One of the best things about living in East Dallas is that it’s not Richardson.

That’s why it’s more than a little disturbing to learn that the City of Dallas wants to inconvenience those of us who live here to benefit those who don’t.

The issue is the City’s plan to alleviate congestion on North Central Expressway during the 10 years or so it will take to widen Dallas’ most infamous highway. Regardless of how you feel about the North Central work (and I could make a terrific case for it as one of the biggest boondoggles in Texas history), I don’t see why the construction should negatively affect anyone in East Dallas.

We don’t use it to drive Downtown to work; people in Richardson do.

We don’t use it to drive to a shopping mall; people in Richardson do.

We don’t use it to drive home in the evening; people in Richardson do.

However, this seems to be a distinction lost on City planners.

They want to rearrange the infamous East Dallas Corridor – specifically, Greenville Avenue and Matilda Street – to handle the overflow from North Central Expressway when upcoming construction makes the highway even more impassable than usual.

City bureaucrats float this idea every so often, and it usually doesn’t go anywhere. It’s something left over from the City’s scheme to destroy East Dallas by turning all of its roads – Abrams, Gaston, Ross and the like – into six-lane highways, which would have enabled the real estate developers who once ran the City to buy a lot of cheap land near Downtown.

Who, after all, wants to raise a family in a neighborhood best-known for cars whizzing by at 50 miles per hour?

Most of the East Dallas people who fought these thoroughfare battles figured the war was over, and won, when Texas’ savings and loans failed, and the real estate developers went broke.

But then someone at City Hall saw a way to sneak the plan back into existence.

The City wants to add a reversible lane to the Matilda Bridge for morning rush hour, turn Greenville (between Mockingbird Lane and Belmont Avenue) into two lanes southbound and one lane northbound, and tinker with several Skillman Street intersections.

Their reasoning: How could anyone object to some changes along Matilda and Greenville to make life easier for the poor souls forced to drive North Central Expressway?

Well, it’s easy to object when you consider who uses North Central. And if those users are poor souls, I’m moving to Plano tomorrow.

The Texas Highway Department studied North Central’s traffic and concluded people from Richardson, Plano and North Dallas are its primary users. Interestingly, the same study found that no one from Richardson or Plano drives to work through the East Dallas Corridor.

“Improving” two of East Dallas’ most residential streets (did I mention the schools and churches in the path of the proposal?) to benefit some suburban ziphead seems as sensible as shooting yourself in the foot because you have a headache.

It’s hard to work up sympathy for some Richardson banker stuck in North Central traffic (especially when he’s probably going Downtown to redline East Dallas).

Why are we responsible for this guy’s commuting comfort?

And why should we be penalized because he has a horrible commute?

If people in Richardson want to work Downtown but don’t like traffic jams, let them move to East Dallas.
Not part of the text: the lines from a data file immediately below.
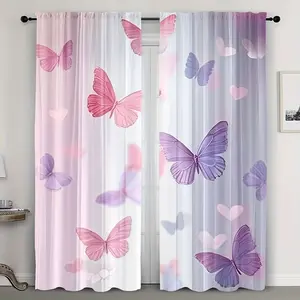 2 Piece Flat Print Curtains with Cute Butterfly and Floral Design, Perfect for Living Room Kitchen Dining Decor, Not Layered Curtains, Window Curtain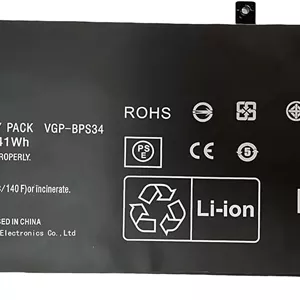 باتری لپ تاپ 41Wh VGP-BPS34 VGP-BPL34 BPS34 جایگزین برای Sony Vaio 15 Touch SVF15A16CXB SVF14AC1QL SVF14AC1QU SVF14A14CXP SVF14A14CXS SVF14A15CXB SVF14A15CXP SVF14A15CXS (11.1V) با عملکرد بالا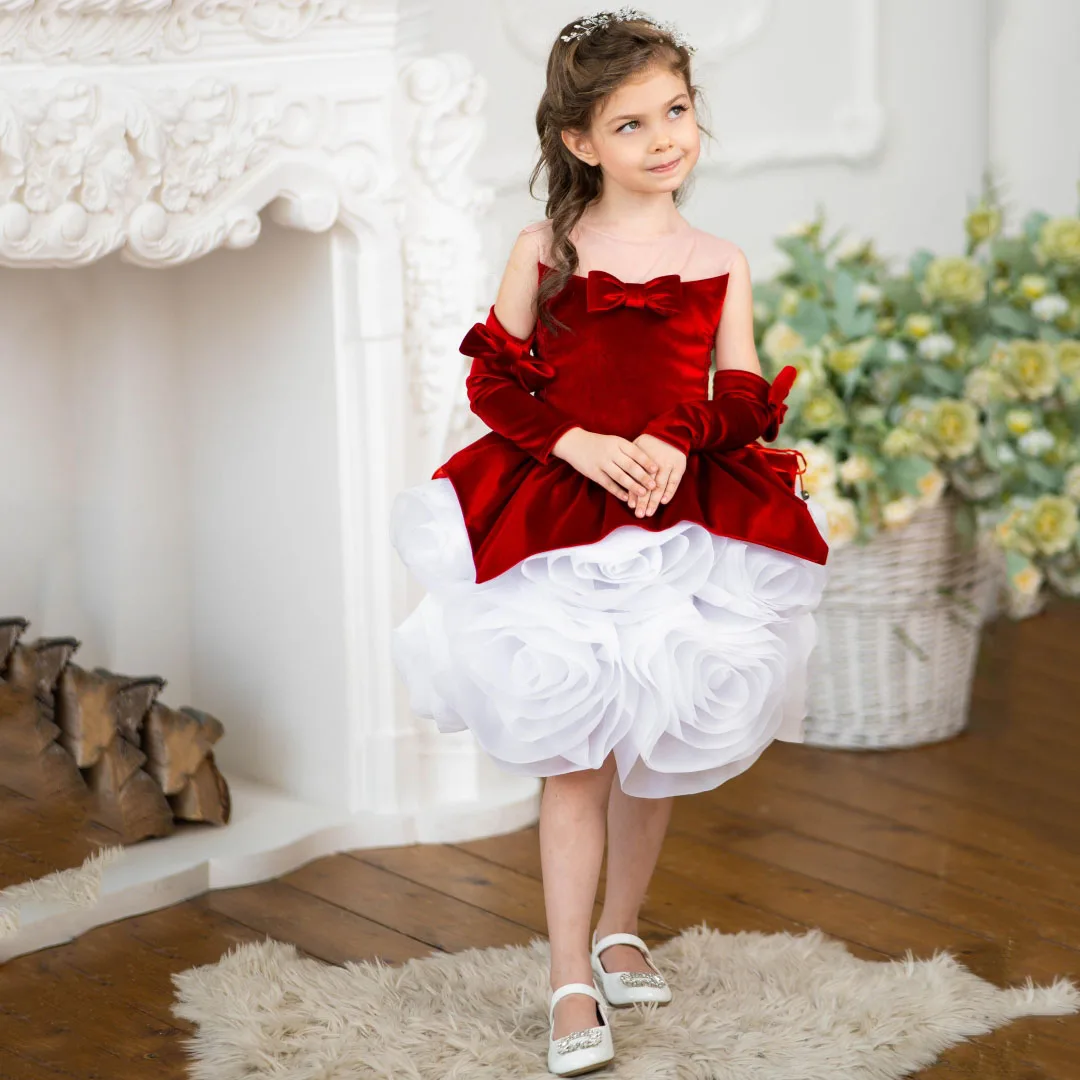 Customized Flower Girl Dresses Red Velvet White Tulle Puffy With Bow For Wedding Birthday Party Holy Communion Banquet Gown
Customized Flower Girl Dresses Red Velvet White Tulle Puffy With Bow For Wedding Birthday Party Holy Communion Banquet Gown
We can drive Downtown at the height of rush hour in seven minutes, and the City and state don’t have to spend hundreds of millions of dollars to make it possible, either.

It’s bad enough the suburbs bleed our tax base, woo our industry and badmouth the City every chance they get. But it’s even worse when the City to which we pay our taxes helps them do it.

This plan hasn’t been offered to the City Council yet, primarily because several East Dallas neighborhood groups have convinced Councilman Glenn Box to hold it up (as he is allowed to do on a matter affecting his district).

But it probably wouldn’t hurt to call Box’s office (670-4069) to let him know this is an idea whose time has not come – and will never come.

Especially as long as those of us in East Dallas would rather not live in Richardson.